Он опустился на колени и бесцеремонно задрал длинный подол, пошарил ладонью по ее животу и упруго вскочил.
–Voilà, – и вдел сережку ей в ухо.
–Ох Томми…
Он не был Томми, он был всегда только Томас. Томми он был только в спальне, или в местах ее заменяющих, и Томас однозначно среагировал на сигнал.
–Четверть часа, Шкив…
Что за наказание для женщины иметь имя, сокращаемое до элемента механики! Она уже готова была ответить да, но вдруг подумала, что лучше им обоим явиться на презентацию его пластинки не встрепанными и запыхавшимися, а в полной боеготовности. Когда она изложила Томасу свои соображения, он с тяжелым вздохом отстранился от нее.

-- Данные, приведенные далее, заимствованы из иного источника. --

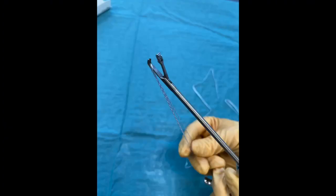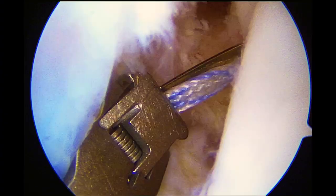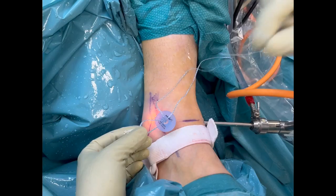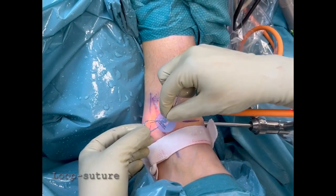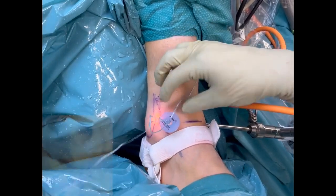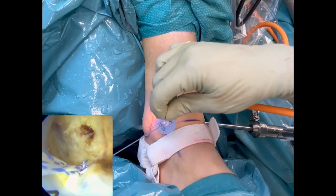The mini-scorpion is loaded with a 1.3 mm suture tape and passed through the ligament. The loop is pulled outside and one of the suture tape tails is introduced into the loop before the tails are tightened, and both tails are loaded into the eyelet of a 2.9 mm pushlock short anchor.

–И как я должен идти? – он положил ее ладонь туда, где брюки топорщились.
–Так же, как и я, – хихикнула она, – Уложишь ребенка?

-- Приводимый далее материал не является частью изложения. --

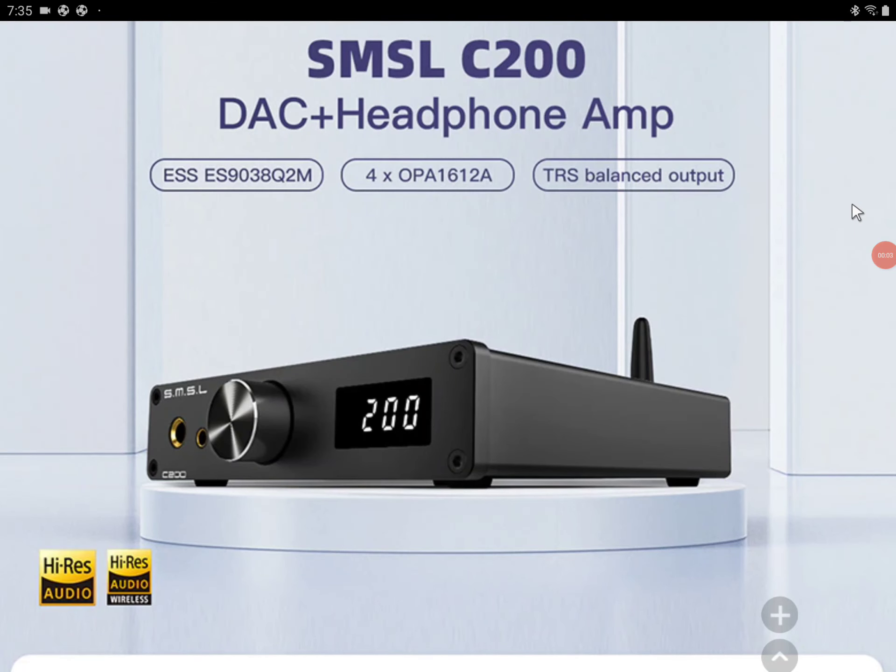SMSL has announced their brand new DAC amp, the C200. It's a very compact desktop DAC amplifier that's going to pack some exciting premium audio features. It's also going to have Sabre DAC chips inside, as SMSL really likes their ESS Sabre chips.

–Отличное лекарство, – снова вздохнул он, но отправился в детскую.
Эскива побежала в спальню, ей предстояло сделать прическу, и это было не то чтобы легко. Она подняла волосы наверх гребнями, которые Томас подарил ей в самом начале из знакомства, выпустила на виске волнистую прядь, которая всегда рано или поздно выпадет сама, провела пальцем по нижней губе. Что ни говори, а вопроса что Томас Мур нашел в этой девушке, не возникало никогда и ни у кого.
Она взяла в руки туфли и вышла из спальни.
У дверей детской Эскива остановилась и прислушалась. Томас пел, но она никогда не слышала прежде такой песни. И он пел не своим голосом. Это не был тот насмешливый надтреснутый тембр, которым он исполнял свои партии с эстрады и за который его так любили. Это был его настоящий голос – глубокий, мягкий, очень камерный. Надо думать, поскольку он пел колыбельную.
Вот только слова у этой песни были странными.
–В далеком краю, где царствует брат мой, фрегаты летают и люди крылаты, – медленно и очень четко выводил Томас на тягучий старинный мотив,
Она прислонилась к косяку дверей снаружи. Песня с завораживающими зловещими словами исполнялась так мягко, с такими нежными вкрадчивыми интонациями, и вместе с тем Томас так ясно проговаривал каждое слово, словно оно отдавалось эхом под сводами пыточной. Это околдовывало. Сочетание безжалостного текста и ласкового исполнения с самыми сладкими интонациями, на какие Томас был способен, а способен Томас был на многое, делало канцону мистически жуткой, и будь девочка постарше, она никогда не уснула бы под эту жестокую песню.